Low utilization of warp per scheduler for bit pack operation (Morton Code)

To illustrate what I had in mind, here is some code I quickly hacked together on an x86 platform, where it works well. The basic building block is a function that spreads the least significant 10 bits of an integer a into a result r as follows:

for i in [0,9]:
r3i+0 = ai
r3i+1 = 0
r3i+2 = 0

A reference function would look like this:

unsigned int spread_ten_bits_by_3_ref (unsigned int a)
{
    unsigned int r = 0;
    r |= (((a >> 0) & 1) <<  0);
    r |= (((a >> 1) & 1) <<  3);
    r |= (((a >> 2) & 1) <<  6);
    r |= (((a >> 3) & 1) <<  9);
    r |= (((a >> 4) & 1) << 12);
    r |= (((a >> 5) & 1) << 15);
    r |= (((a >> 6) & 1) << 18);
    r |= (((a >> 7) & 1) << 21);
    r |= (((a >> 8) & 1) << 24);
    r |= (((a >> 9) & 1) << 27);
    return r;
}

A version optimized for x86 (11 instructions, 2-way instruction level parallelism) might look like this:

unsigned int spread_ten_bits_by_3 (unsigned int a)
{
    return (((((a & 0x333) * 0x50005) | ((a & 0x333) * 0x00500)) & 0x09009009) |
            (((a & 0x0cc) * 0x05050) & 0x00240240));

}

We can use this as a building block for a 30-bit 3D Morton code, based on the ten least significant bits of each input (with other bits assumed 0):

unsigned int morton3d_ten_bits (unsigned int x, unsigned int y, unsigned int z)
{
    return ((spread_ten_bits_by_3 (x) << 0) |
            (spread_ten_bits_by_3 (y) << 1) |
            (spread_ten_bits_by_3 (z) << 2));    
}

We can also produce a 60-bit 3D Morton code based on the 20 least significant bits of each input.
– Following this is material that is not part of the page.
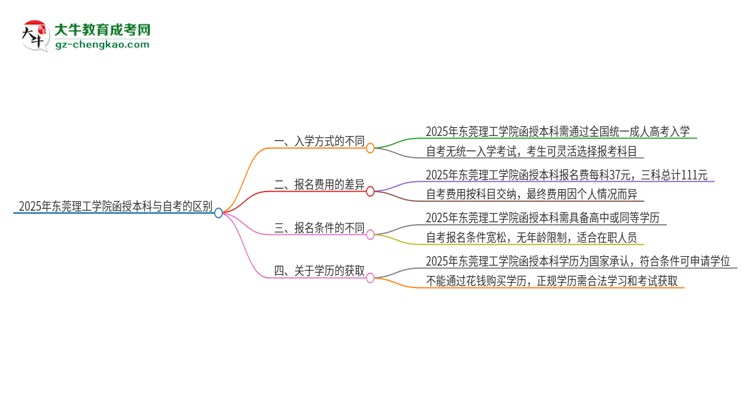 2025年東莞理工學(xué)院函授本科和自考有什么區(qū)別？思維導(dǎo)圖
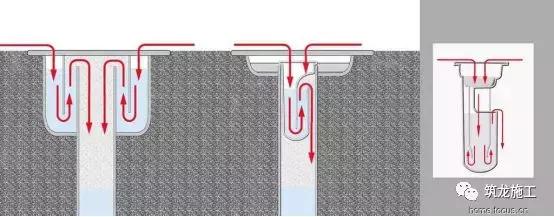 卫生间给排水管道支架安装规范,给排水管道安装质量通病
If we expect many small inputs, we can provide an early-out:

unsigned long long int morton3d_twenty_bits (unsigned int x, 
                                             unsigned int y, 
                                             unsigned int z)
{
    unsigned int lo, hi = 0;
    int bits_needed = 32 - clz (x | y | z);
    lo = morton3d_ten_bits (x & 0x3ff, y & 0x3ff, z & 0x3ff);
    if (bits_needed > 10) {
        hi = morton3d_ten_bits ((x >> 10) & 0x3ff, (y >> 10) & 0x3ff, 
                                (z >> 10) & 0x3ff); 
    }
    return ((unsigned long long int)hi << 30) | lo;
}

This gives us some idea how many instructions we might expect for a 60-bit Morton code: around a hundred depending on processor architecture. This explains why you found that your code is mostly bound by compute throughput. The optimal decomposition of a 3D Morton code into building blocks likely depends on the GPU architecture. There are trade-offs between the integer operations used, potential use of small tables, etc.